The Amazing Race, the American reality colossus that began in 2001, is currently in its 36th season – a 37th is scheduled for next year. The local version, Amazing Race Australia, is in its eighth – or its fifth if you consider the current iteration hosted by Beau Ryan to be a separate show from the first domestic stab with Grant Bowler. Versions have also been produced in Israel, Vietnam, China, the Philippines, Canada, Norway, France, Brazil, Ukraine, Finland and more.

All this puts The Amazing Race among the very elite of reality TV franchises: successful enough to spawn both myriad international versions and plenty of copycats. Given how expensive it is to send dozens of people – with their own camera crews – around the world once or twice a year, the show has to have been a serious hit to keep justifying the cost. But obvious success aside, there is a strong case to be made that Race is, in terms of entertainment value, viewing satisfaction, and the exquisite art and craft of reality program-making, the best reality show ever to grace our screens.

The Amazing Race Celebrity Edition: still finding new places to visit.

The Amazing Race Celebrity Edition: still finding new places to visit.

For a start, the AR concept has built into it the presence of spectacular locations. On Survivor, they may spend time on pretty beaches, and on Masterchef they take some nice little trips to picturesque spots, but only The Amazing Race flits, in every episode, from incredible place to incredible place, taking in a dizzying array of glorious historical monuments, dazzling buildings, gob-smacking natural wonders and all-round gorgeous landscapes both urban and rural. The fact that in its 36th season the show is still visiting new countries, and finding new places to go and things to do in the ones they return to, is testament to the wondrous variety that our world has to offer, both in terms of its natural formation and the impressive things that humans have built on it.

There’s also a cultural element: Race exposes its participants – and by extension, we, the viewers – to a variety of different cultures, even if admittedly in an extremely brief and ephemeral way. Nobody is calling a reality show a comprehensive education in the cultures of the world, but a little glimpse of traditional dances, cuisines, artwork, occupations and customs provides a lovely taste of the world’s flavours. All of this combines to make The Amazing Race more than just a show to watch: it’s also an appetite-whetter for travel, making one’s feet itch and plans for one’s own trip start to percolate in the brain. That’s besides the fact that thanks to the locations chosen, it always just looks marvellous.

And let’s not neglect the importance of the host. Phil Keoghan, the Kiwi who sounds American but is far too laid back and charming to not be from the southern hemisphere, is pure magic: charming, kind, sympathetic and indefatigably human, performing with passion and without pretension, leaves all other reality hosts in the dust – not here the bombast of Ramsay or the smugness of Probst. (It should be mentioned that Beau Ryan, though naturally not in the class of the peerless Keoghan, does a damn fine job on the Australian show too.)
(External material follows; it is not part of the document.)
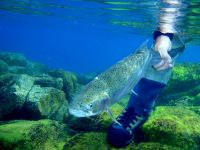 Foto de pesca con mosca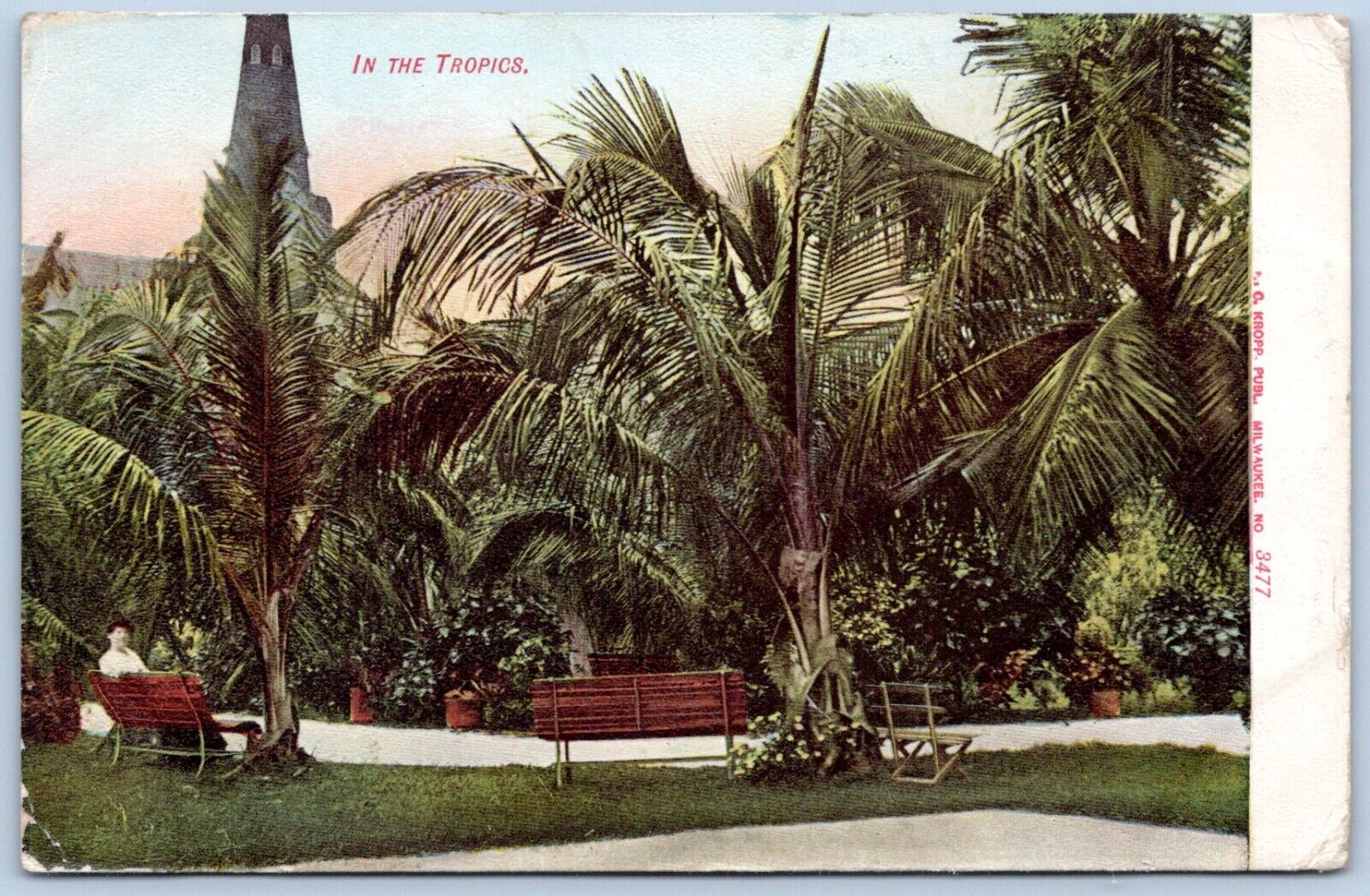 Postcard In The Tropics Palm Trees Posted 1908 Auburndale Florida FL UDB B59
Then there are the tasks themselves: ranging from mind-bending puzzles to physically gruelling chores, from learning to dance to wrangling animals to joining in wrestling matches, transporting goods or eating revolting dishes or diving into icy water, The Amazing Race has dizzying diversity in its challenges that test every aspect of a person’s ingenuity and endurance. The element of choice also means that the contestants’ ability to pick the best task is tested along with their ability to actually do them.
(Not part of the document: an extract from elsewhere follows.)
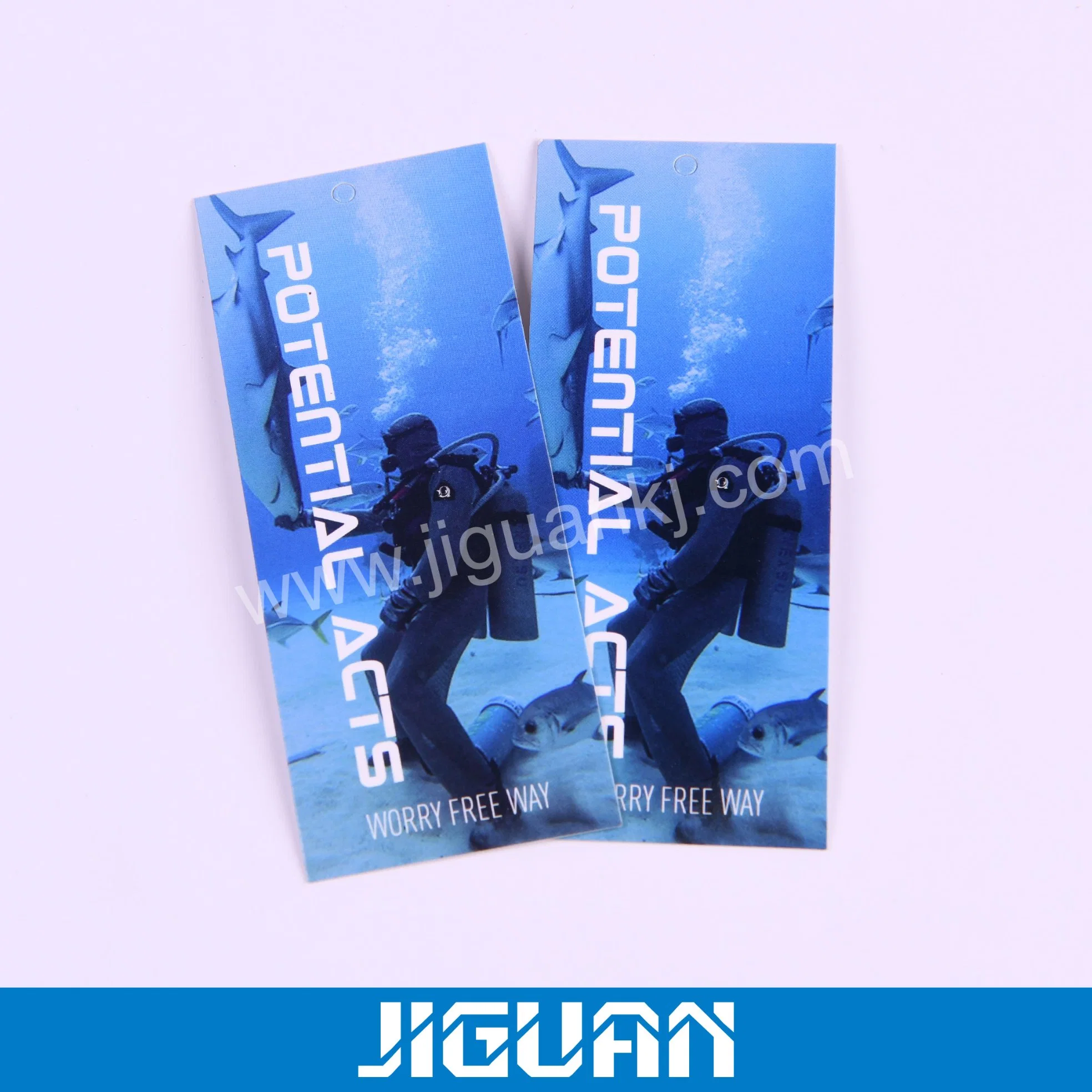 Cheap Price Paper or PVC Garment Fancy Hang Tag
As for the participants: over the years the race has embedded a number of archetypes for fans. There are always the loved-up couple who greet every challenge with patience and outpourings of affection for each other, along with the angry fractious couple who greet every challenge with screaming matches and seemingly imminent break-ups. There are the parent-child teams who use the race as a means to grow closer and gain new appreciation for each other. There are the identical twin teams, and the best friends teams who inexplicably think wearing matching outfits will make them look good on TV. There are the hyper-competitive military personnel and the hyper-egotistical cheerleader-model-influencer couples. There are the good-natured elderly strugglers and the flamboyant young show-offs.

All of them provide their own moments of joy, hilarity, frustration and schadenfreude. That last is important: every reality show needs people whose suffering you can rejoice in, and The Amazing Race always provides the people and ladles on the suffering. There is also the eternal amusement of seeing clueless Westerners battling language barriers and culture shock, not to mention paper maps.